As the Indian equity market opened cautiously on Monday, June 30, 2026, with major indices showing a muted performance amidst renewed geopolitical concerns, select banking stocks are drawing significant attention from traders. Jigar S Patel, Senior Technical Research Analyst at Anand Rathi Share and Stock Brokers Ltd, has offered key technical perspectives on YES Bank, ICICI Bank, and Kotak Mahindra Bank ahead of Tuesday's trading session.
Kotak Mahindra Bank: Caution Advised
Kotak Mahindra Bank has recently exhibited a 'double-top' pattern in the Rs 413–415 range, a technical formation that often signals a potential reversal in the prevailing trend. This is further compounded by a negative divergence in the Relative Strength Index (RSI), indicating a weakening of bullish momentum despite the stock testing previous highs.

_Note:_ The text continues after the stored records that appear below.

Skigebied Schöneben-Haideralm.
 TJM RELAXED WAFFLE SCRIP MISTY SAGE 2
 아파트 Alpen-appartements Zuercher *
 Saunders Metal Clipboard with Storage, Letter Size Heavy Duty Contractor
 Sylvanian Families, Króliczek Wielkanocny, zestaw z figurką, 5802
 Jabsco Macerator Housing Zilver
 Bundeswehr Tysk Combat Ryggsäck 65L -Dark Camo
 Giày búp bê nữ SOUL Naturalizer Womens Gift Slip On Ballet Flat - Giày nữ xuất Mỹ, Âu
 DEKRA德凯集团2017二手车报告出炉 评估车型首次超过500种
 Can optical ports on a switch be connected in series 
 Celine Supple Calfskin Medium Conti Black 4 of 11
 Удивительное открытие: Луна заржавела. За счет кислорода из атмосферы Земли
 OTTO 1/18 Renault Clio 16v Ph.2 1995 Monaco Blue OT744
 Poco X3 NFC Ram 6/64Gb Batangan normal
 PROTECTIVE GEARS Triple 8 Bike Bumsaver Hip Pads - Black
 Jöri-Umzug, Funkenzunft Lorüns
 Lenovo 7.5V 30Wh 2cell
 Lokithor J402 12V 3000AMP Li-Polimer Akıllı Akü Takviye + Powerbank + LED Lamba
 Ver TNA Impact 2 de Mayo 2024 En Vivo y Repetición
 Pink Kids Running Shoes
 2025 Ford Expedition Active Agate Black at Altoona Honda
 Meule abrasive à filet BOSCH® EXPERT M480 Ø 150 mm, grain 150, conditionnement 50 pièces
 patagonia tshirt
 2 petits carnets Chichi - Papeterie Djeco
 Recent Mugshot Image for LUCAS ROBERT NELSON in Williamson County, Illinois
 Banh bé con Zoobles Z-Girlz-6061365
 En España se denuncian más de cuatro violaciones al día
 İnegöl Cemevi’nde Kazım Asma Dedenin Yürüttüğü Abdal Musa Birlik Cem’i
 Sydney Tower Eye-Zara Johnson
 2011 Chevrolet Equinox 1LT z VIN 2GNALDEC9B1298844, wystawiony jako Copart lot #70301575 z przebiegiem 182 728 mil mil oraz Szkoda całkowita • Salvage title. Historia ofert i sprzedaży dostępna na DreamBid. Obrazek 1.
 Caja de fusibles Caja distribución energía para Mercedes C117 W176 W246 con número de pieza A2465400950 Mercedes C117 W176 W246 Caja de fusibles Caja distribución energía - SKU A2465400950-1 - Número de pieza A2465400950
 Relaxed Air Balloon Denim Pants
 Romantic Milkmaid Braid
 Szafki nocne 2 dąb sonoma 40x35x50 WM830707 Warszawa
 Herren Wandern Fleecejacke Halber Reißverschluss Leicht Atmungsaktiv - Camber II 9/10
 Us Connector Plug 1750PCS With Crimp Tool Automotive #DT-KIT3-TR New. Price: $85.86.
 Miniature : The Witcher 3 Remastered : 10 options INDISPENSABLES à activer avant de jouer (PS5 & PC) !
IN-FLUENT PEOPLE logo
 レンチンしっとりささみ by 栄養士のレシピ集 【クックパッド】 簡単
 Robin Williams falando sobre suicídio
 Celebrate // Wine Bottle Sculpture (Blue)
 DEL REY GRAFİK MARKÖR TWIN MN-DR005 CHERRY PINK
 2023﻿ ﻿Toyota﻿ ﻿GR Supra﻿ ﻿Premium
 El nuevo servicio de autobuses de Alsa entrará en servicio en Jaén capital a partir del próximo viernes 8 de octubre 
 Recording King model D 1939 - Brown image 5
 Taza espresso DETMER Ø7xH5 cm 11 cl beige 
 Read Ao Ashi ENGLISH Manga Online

This combination suggests an increased likelihood of a short-term pullback, potentially towards the Rs 390–385 support zone. Traders are advised to exercise caution at higher levels until a definitive breakout above Rs 415 is observed. Immediate support for Kotak Mahindra Bank is identified at Rs 385, with resistance at Rs 415.
ICICI Bank: Potential for Profit Booking
Following a rapid ascent from Rs 1,225 to Rs 1,400, ICICI Bank has formed a 'shooting star' candlestick pattern near its Rs 1,400–1,405 resistance area. This pattern typically signals exhaustion in an uptrend, suggesting that buying pressure might be waning and increasing the probability of short-term consolidation or profit booking.
Investors might consider booking partial profits at elevated levels. The stock's immediate support is placed at Rs 1,375, while Rs 1,405 remains a critical resistance point. Sustaining above Rs 1,375 is crucial for maintaining the broader bullish trend, though a decisive move above Rs 1,405 would be required to revive stronger bullish momentum.
YES Bank: Buy on Dips Strategy
YES Bank Ltd has demonstrated a significant positive shift in its trend, marked by a weekly breakout above the Rs 24.30 level. Currently trading around Rs 25.28, the stock is holding firm above this breakout zone. Both daily and weekly RSI indicators are above 50, reflecting robust bullish momentum and growing buying interest.
The technical structure for YES Bank remains constructive as long as the stock maintains its position above Rs 24. A 'buy-on-dips' strategy is recommended, particularly near the Rs 24.5–24 range, rather than chasing prices at higher valuations. Immediate support for YES Bank is at Rs 24, with resistance observed near Rs 25.78.